Have 2 new KB Articles on how to update ModSecurity for Apache in CWP under AL8 & AL9 and use the latest OWASP CRS ruleset:
https://kb.starburstservices.com/control-web-panel-cwp/control-web-panel-cwp-admin-tutorials/update-modsecurity-running-cwp-and-apache-on-almalinux-8-9/ (https://kb.starburstservices.com/control-web-panel-cwp/control-web-panel-cwp-admin-tutorials/update-modsecurity-running-cwp-and-apache-on-almalinux-8-9/)
https://kb.starburstservices.com/control-web-panel-cwp/control-web-panel-cwp-admin-tutorials/update-to-owasp-crs-ruleset-running-cwp-and-apache-on-almalinux-8-9/ (https://kb.starburstservices.com/control-web-panel-cwp/control-web-panel-cwp-admin-tutorials/update-to-owasp-crs-ruleset-running-cwp-and-apache-on-almalinux-8-9/)
Any feedback, let me know.
-
Appreciated, keep 'em coming!
-
And it works for both CWPfree and CWPpro. ;D
-
And it works for both CWPfree and CWPpro. ;D
Hi,
it really works... :)
When I replaced the line "/usr/local/apache/modsecurity-owasp-latest/coreruleset-4.11.0/owasp.conf" when updating the rules, in the configuration file it is in red, I guess it should be like this?
With the two ModSecurity and the rules updates, could I do something in the future to update them, check their sites, and follow similar steps?
BR
Venty
-
The only thing left is to:
nano crs-setup.conf
# SecDefaultAction "phase:1,log,auditlog,pass"
# SecDefaultAction "phase:2,log,auditlog,pass"
Uncomment:
SecDefaultAction "phase:1,log,auditlog,deny,status:403"
SecDefaultAction "phase:2,log,auditlog,deny,status:403"
-
The only thing left is to:
nano crs-setup.conf
# SecDefaultAction "phase:1,log,auditlog,pass"

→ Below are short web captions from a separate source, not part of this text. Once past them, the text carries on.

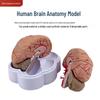Produse pentru școală – Echipament pentru instruire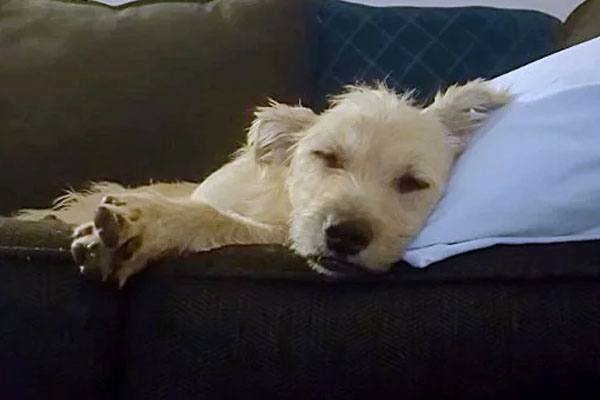 Cane che dorme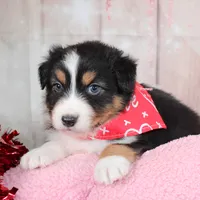 Pivot, a male Australian Shepherd for sale in Royse City, TX – Photo 2 of 8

# SecDefaultAction "phase:2,log,auditlog,pass"
Uncomment:
SecDefaultAction "phase:1,log,auditlog,deny,status:403"
SecDefaultAction "phase:2,log,auditlog,deny,status:403"
Hi,
thank you very much....
and that's all, will they update?
BR
Venty
-
The other never auto updated either for some reason, but this manually update won't.
Path names would all change to the new version, so I'm not sure how a script might do this or not.